● **Records from a dataset**:
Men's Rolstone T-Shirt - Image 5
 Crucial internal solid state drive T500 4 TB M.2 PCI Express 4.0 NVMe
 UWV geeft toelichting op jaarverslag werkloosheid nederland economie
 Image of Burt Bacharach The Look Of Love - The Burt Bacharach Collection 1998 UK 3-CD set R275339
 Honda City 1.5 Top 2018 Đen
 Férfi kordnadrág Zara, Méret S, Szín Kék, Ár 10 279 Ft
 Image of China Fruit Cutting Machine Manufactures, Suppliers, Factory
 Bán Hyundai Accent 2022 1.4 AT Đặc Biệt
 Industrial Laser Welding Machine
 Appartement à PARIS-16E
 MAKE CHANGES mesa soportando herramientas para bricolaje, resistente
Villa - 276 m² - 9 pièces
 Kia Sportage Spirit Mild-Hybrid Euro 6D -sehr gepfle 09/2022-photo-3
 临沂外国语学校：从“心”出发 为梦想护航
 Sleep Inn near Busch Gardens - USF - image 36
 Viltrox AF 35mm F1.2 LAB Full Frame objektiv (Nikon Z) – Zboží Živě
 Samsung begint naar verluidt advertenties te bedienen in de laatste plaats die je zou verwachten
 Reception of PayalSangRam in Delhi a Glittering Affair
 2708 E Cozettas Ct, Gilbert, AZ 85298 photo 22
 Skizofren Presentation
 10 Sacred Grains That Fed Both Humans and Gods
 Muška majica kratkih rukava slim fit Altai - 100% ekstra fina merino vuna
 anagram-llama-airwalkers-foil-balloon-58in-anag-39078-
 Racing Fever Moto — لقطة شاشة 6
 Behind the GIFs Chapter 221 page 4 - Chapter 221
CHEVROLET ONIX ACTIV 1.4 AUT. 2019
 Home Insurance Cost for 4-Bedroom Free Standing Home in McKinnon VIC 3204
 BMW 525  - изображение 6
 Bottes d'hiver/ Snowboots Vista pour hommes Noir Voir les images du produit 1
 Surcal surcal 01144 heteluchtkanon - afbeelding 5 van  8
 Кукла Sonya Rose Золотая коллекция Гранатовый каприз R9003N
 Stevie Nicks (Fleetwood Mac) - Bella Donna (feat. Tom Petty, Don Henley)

● **Task brief**: Reproduce each line of the entries above from the one containing "- изображение 6" through the last, exactly, and no other line.

● **Response to this exercise**:
 BMW 525  - изображение 6
 Bottes d'hiver/ Snowboots Vista pour hommes Noir Voir les images du produit 1
 Surcal surcal 01144 heteluchtkanon - afbeelding 5 van  8
 Кукла Sonya Rose Золотая коллекция Гранатовый каприз R9003N
 Stevie Nicks (Fleetwood Mac) - Bella Donna (feat. Tom Petty, Don Henley)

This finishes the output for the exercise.